Fri Jul 6 12:04:24 UTC 2018

Am 06.07.2018 um 12:39 schrieb Aleksey Shipilev:
> On 07/05/2018 08:43 PM, Roman Kennke wrote:
>> The previous patch to use SBS::resolve_forwarded() directly from Access
>> API impl failed because some fricking code paths get to read-barriers
>> via oop_iterate() and make full-GC fail because fwd-ptr is temporarily
>> pointing to nirvana.
>>
>> This fixes all those code paths to avoid read-barriers. Some use
>> explicit *_raw() accessor variants now, and metadata is now accessed via
>> raw call wholesale.
>>
>> the non-Shenandoah stuff will have to be upstreamed soon.
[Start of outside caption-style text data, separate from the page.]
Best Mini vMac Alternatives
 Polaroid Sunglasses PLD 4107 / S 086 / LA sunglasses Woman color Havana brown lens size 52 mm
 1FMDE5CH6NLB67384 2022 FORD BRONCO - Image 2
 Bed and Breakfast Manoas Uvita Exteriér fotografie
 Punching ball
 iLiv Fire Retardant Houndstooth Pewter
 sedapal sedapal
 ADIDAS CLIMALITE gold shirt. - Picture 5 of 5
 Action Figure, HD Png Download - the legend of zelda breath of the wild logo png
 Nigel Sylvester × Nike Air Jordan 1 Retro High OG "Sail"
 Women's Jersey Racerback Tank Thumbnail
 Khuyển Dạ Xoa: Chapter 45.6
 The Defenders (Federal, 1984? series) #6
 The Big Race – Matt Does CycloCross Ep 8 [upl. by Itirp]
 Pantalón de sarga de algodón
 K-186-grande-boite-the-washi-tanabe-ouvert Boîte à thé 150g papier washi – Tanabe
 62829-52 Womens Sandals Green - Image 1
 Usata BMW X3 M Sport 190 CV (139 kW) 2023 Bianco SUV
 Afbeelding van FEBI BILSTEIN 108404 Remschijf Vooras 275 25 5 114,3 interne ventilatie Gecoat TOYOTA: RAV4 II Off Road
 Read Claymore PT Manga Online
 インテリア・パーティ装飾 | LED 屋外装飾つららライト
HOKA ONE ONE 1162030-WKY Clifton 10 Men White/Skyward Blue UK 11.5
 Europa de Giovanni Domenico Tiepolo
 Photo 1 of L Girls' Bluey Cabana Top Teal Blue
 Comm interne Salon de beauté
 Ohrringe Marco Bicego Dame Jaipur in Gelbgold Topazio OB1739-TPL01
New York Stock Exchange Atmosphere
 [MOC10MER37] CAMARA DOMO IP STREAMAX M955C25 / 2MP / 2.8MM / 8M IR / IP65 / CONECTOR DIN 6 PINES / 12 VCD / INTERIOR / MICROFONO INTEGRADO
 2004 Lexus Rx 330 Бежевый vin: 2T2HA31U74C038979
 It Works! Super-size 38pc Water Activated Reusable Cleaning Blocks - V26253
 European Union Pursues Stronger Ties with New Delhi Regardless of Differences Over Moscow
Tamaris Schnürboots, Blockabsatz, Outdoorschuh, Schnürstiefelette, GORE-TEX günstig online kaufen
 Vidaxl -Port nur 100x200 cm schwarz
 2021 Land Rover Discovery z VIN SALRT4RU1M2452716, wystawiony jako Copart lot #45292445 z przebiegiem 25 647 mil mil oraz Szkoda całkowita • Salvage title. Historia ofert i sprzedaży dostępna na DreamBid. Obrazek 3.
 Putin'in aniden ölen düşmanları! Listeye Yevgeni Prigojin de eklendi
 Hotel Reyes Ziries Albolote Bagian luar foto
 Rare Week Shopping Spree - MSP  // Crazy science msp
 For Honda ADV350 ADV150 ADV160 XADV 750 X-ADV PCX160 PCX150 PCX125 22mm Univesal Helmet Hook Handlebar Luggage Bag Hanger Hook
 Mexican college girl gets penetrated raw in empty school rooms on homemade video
Want to bake
>> it a little more in Shenandoah though, who knows, maybe we find more
>> such off-the-rails code paths?
>>
>> http://cr.openjdk.java.net/~rkennke/fix-rbs/webrev.00/
> 
> OK for sh/jdk.


Thanks. Testing turned out another code path that requires raw access
(and needs upstreaming). This is obviously bogus to do barrier'd access:

diff --git a/src/hotspot/share/oops/instanceRefKlass.inline.hpp
b/src/hotspot/share/oops/instanceRefKlass.inline.hpp
--- a/src/hotspot/share/oops/instanceRefKlass.inline.hpp
+++ b/src/hotspot/share/oops/instanceRefKlass.inline.hpp
@@ -184,9 +184,9 @@

   log_develop_trace(gc, ref)("InstanceRefKlass %s for obj " PTR_FORMAT,
s, p2i(obj));
   log_develop_trace(gc, ref)("     referent_addr/* " PTR_FORMAT " / "
PTR_FORMAT,
-      p2i(referent_addr), p2i((oop)HeapAccess<ON_UNKNOWN_OOP_REF |
AS_NO_KEEPALIVE>::oop_load_at(obj,
java_lang_ref_Reference::referent_offset)));
+      p2i(referent_addr), p2i((oop)RawAccess<>::oop_load(referent_addr)));
   log_develop_trace(gc, ref)("     discovered_addr/* " PTR_FORMAT " / "
PTR_FORMAT,
-      p2i(discovered_addr),
p2i((oop)HeapAccess<AS_NO_KEEPALIVE>::oop_load(discovered_addr)));
+      p2i(discovered_addr),
p2i((oop)RawAccess<>::oop_load(discovered_addr)));
 }
 #endif


Ok to include that in the patch?


>> Testing: tier3_gc_shenandoah
> 
> This seems to improve Serial:
>   before: 19535.551 ± 225.129  ops/s
>    after: 20120.271 ± 103.193  ops/s

Very nice. So we finally found a benchmark that is performance sensitive
on runtime barriers? I always used to argue that runtime barriers would
likely not show up anywhere...

Cheers, Roman